YOUR OBJECTIVE: Transcribe the data that follows without changing a word, and omit the pictures.

AVAILABLE DATA:
*** Begin section ***

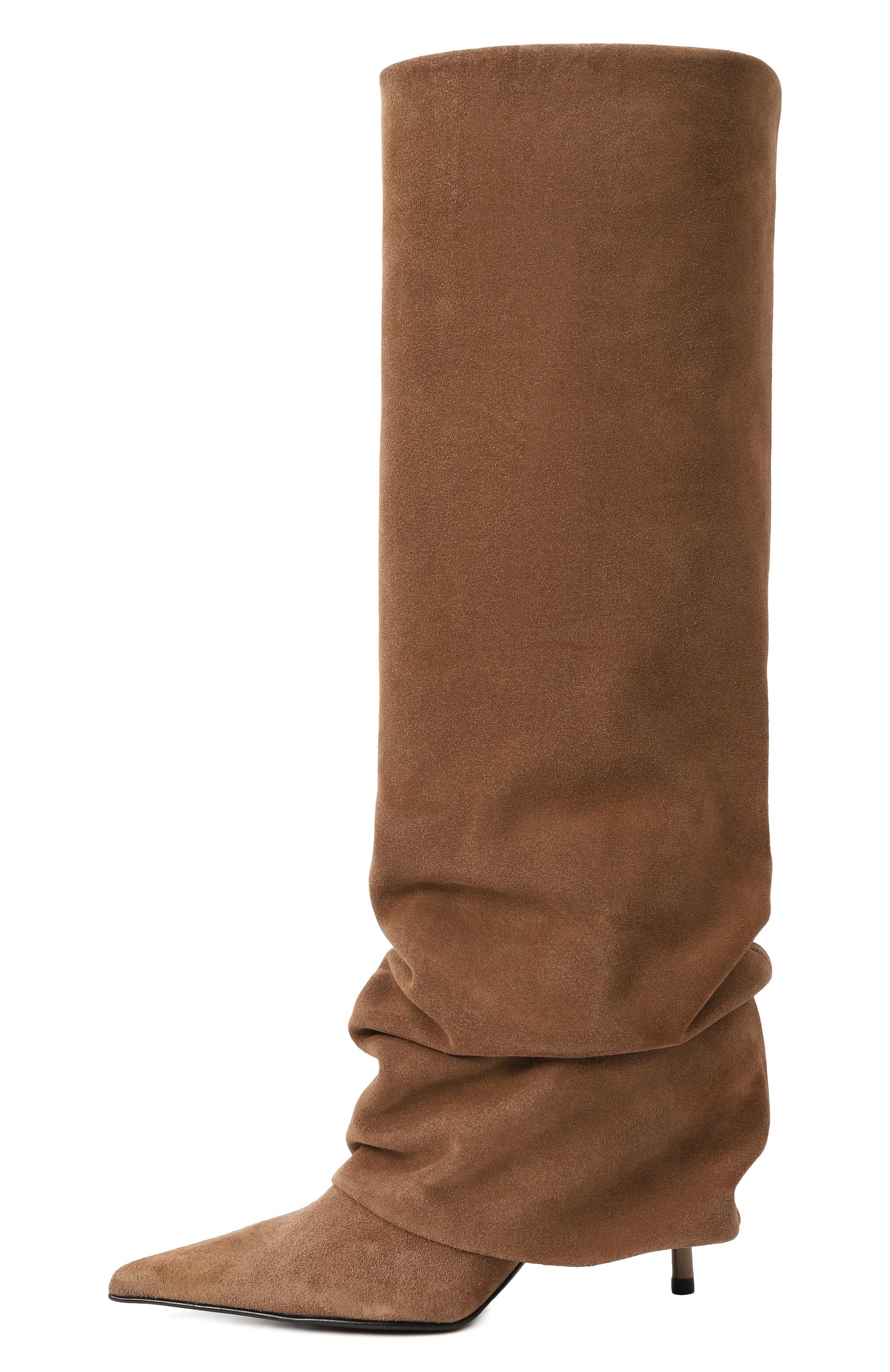 Замшевые сапоги andy 120 LE SILLA, арт. 4297C080BXPPARE, фото 4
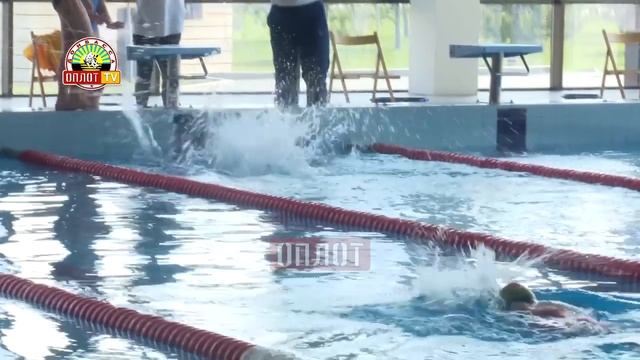 Детские Республиканские соревнования по плаванию смотреть онлайн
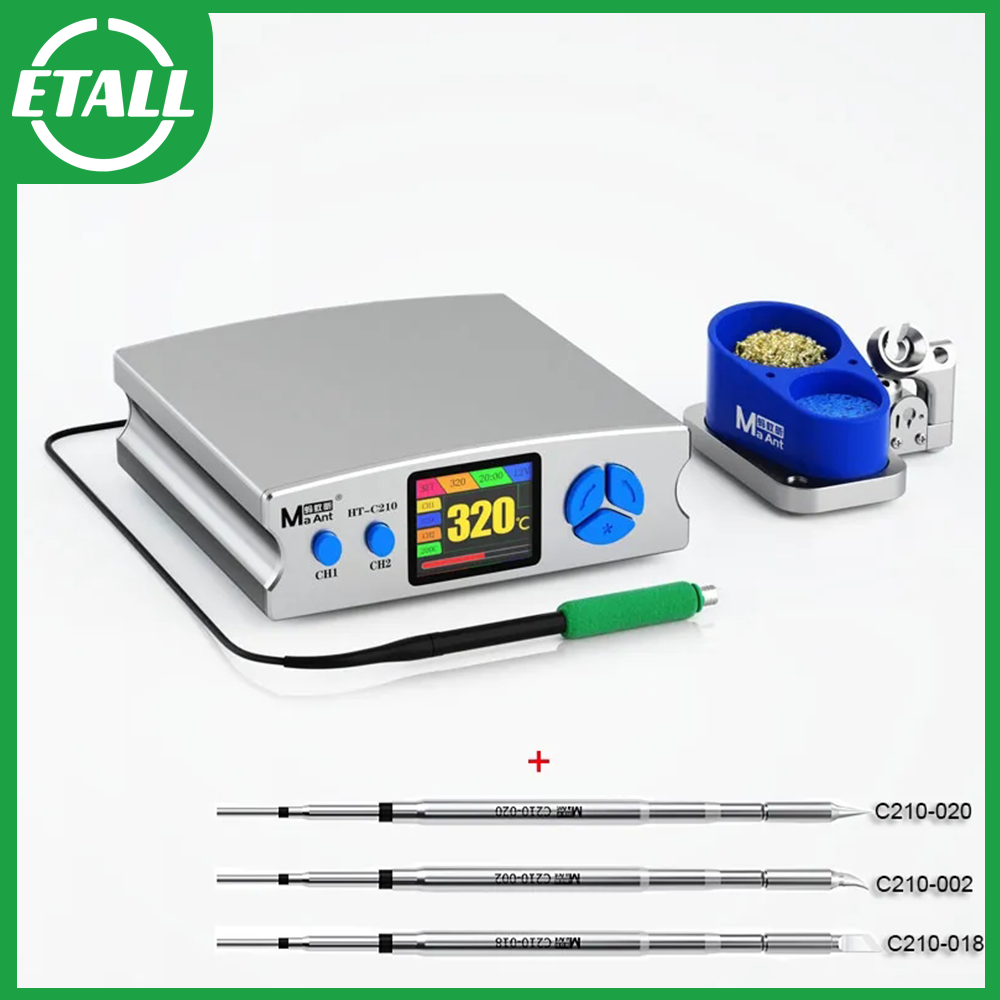 C210 Precision Soldering Station - Stacja lutowania precyzyjnego HT-C210 MaAnt C210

*** End section ***

ANSWER SECTION:
 Замшевые сапоги andy 120 LE SILLA, арт. 4297C080BXPPARE, фото 4
 Детские Республиканские соревнования по плаванию смотреть онлайн
 C210 Precision Soldering Station - Stacja lutowania precyzyjnego HT-C210 MaAnt C210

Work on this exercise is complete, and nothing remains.